見た目の共通点から混同されやすいものの、それぞれ独自の魅力を持つ別の花として理解することが大切です。
彼岸花とリコリスの花言葉の違い
彼岸花とリコリスは、同じ仲間でありながら花の色によって花言葉が異なります。
赤だけでなく白や黄色、ピンクなど多彩な品種が存在し、それぞれに象徴的な意味が込められています。
ここでは代表的な花色ごとの花言葉と、「怖い」と言われる理由について紹介します。
赤い彼岸花・リコリスの花言葉
赤い彼岸花は「情熱」「独立」「再会」「悲しい思い出」などの花言葉を持ちます。
鮮やかな赤色は強い感情を連想させ、愛や別れと深く結びついてきました。
「また会う日を楽しみに」という前向きな意味もある一方で、墓地や死のイメージと重なり、哀愁を感じさせる面もあります。
そのため、赤い花は人生の光と影を同時に象徴する存在だと言えるでしょう。
白い彼岸花・リコリスの花言葉
白い彼岸花は「また会う日を楽しみに」「想うはあなたひとり」といった花言葉を持ちます。
赤よりも穏やかで清らかな印象を与え、別れや再会を静かに表現する意味合いが強いです。

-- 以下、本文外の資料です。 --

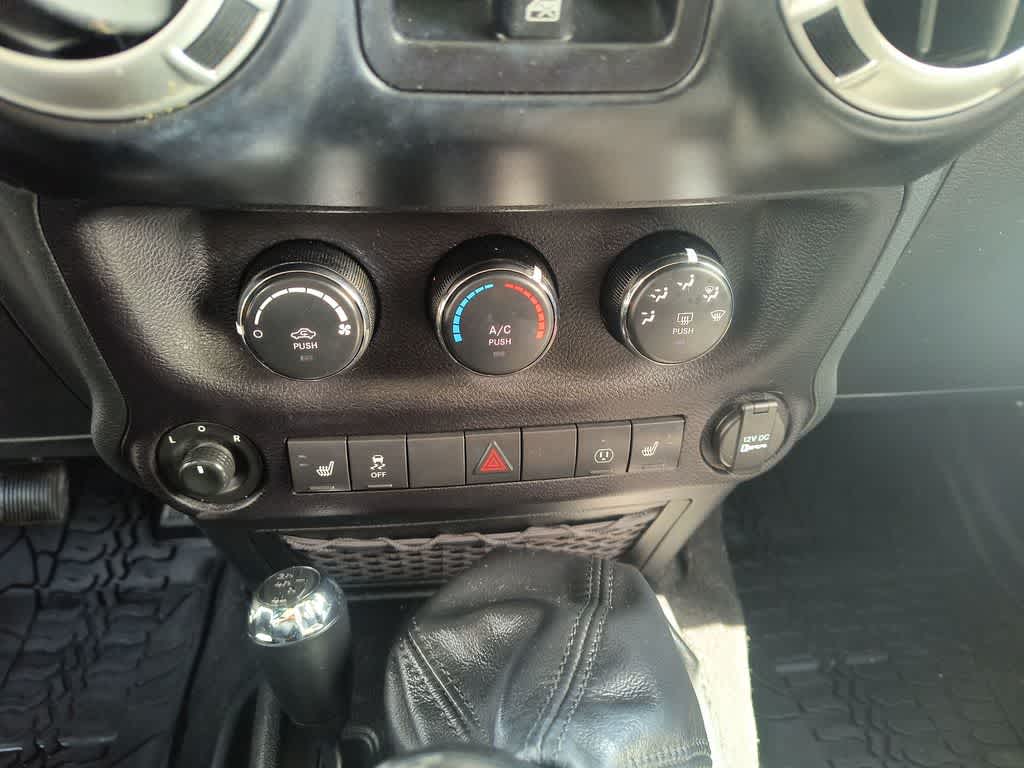 Thumbnail: 2017 Jeep Wrangler - 18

純白の花は神秘的で、特別な人への想いを象徴する花として愛されています。
その希少性からも「特別な存在」というニュアンスが込められているのです。

黄色やピンクのリコリスの花言葉
黄色いリコリスは「追想」「深い思いやり」「陽気」といった花言葉を持ちます。
明るい色合いから元気や前向きさを連想させ、赤や白とは違う温かいメッセージ性を持ちます。

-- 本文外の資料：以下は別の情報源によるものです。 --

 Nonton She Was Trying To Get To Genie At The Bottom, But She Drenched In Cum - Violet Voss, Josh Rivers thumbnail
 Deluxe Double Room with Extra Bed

また、ピンクのリコリスには「優しさ」「愛情」などの意味があり、華やかさと可憐さを兼ね備えています。
庭を彩るだけでなく、贈り物としても選ばれることの多い花です。
怖い意味があると言われる理由
彼岸花やリコリスが「怖い花言葉を持つ」と言われるのは、花そのものの意味というより文化的背景に由来します。
墓地やお彼岸に咲く花であること、また毒を持つ植物であることから「死」「別れ」「不吉」といったイメージが結びついたのです。
しかし実際の花言葉には「情熱」「再会」「想うはあなたひとり」など、前向きで人の想いを表すものも多く含まれています。
ネガティブな側面だけでなく、花本来の魅力やメッセージを知ることが大切です。
なぜ彼岸花は不吉と言われるのか?
彼岸花は美しい花でありながら、日本では「不吉」「縁起が悪い」と語られることが少なくありません。
その背景には、咲く時期や見た目、そして植物としての性質が深く関わっています。
ここでは彼岸花が不吉とされる理由を解説します。
墓地やお彼岸との強い結びつき
彼岸花が不吉とされる最も大きな理由は、墓地やお彼岸との関係です。
秋のお彼岸の時期に必ず花を咲かせることから「彼岸花」と名づけられ、先祖供養や死と直結するイメージがつきました。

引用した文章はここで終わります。